▶ _WHAT IS NEEDED_
Please write out all the data that follows exactly, without the pictures.

=== COLLECTED MATERIAL ===

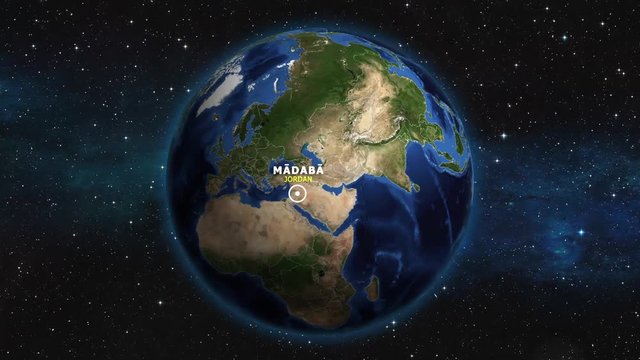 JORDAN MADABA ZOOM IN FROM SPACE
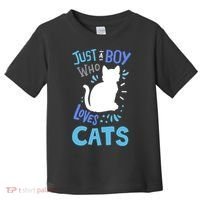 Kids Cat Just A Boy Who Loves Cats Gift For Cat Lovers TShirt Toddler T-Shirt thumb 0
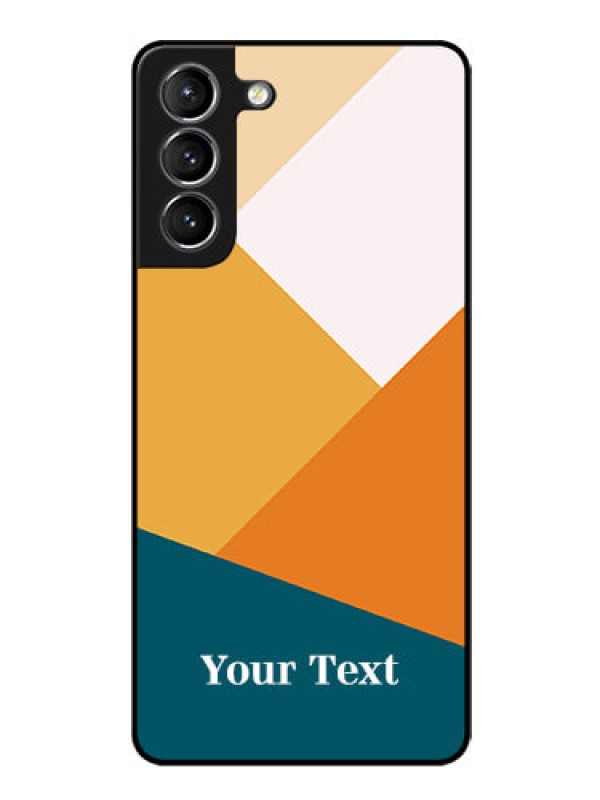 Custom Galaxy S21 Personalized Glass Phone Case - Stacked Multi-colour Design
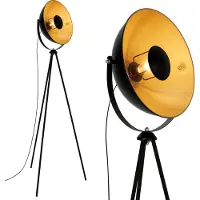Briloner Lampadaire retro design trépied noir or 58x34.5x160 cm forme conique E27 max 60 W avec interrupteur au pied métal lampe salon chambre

===

▶ _OUTPUT OF THE TASK_
 JORDAN MADABA ZOOM IN FROM SPACE
 Kids Cat Just A Boy Who Loves Cats Gift For Cat Lovers TShirt Toddler T-Shirt thumb 0
 Custom Galaxy S21 Personalized Glass Phone Case - Stacked Multi-colour Design
Briloner Lampadaire retro design trépied noir or 58x34.5x160 cm forme conique E27 max 60 W avec interrupteur au pied métal lampe salon chambre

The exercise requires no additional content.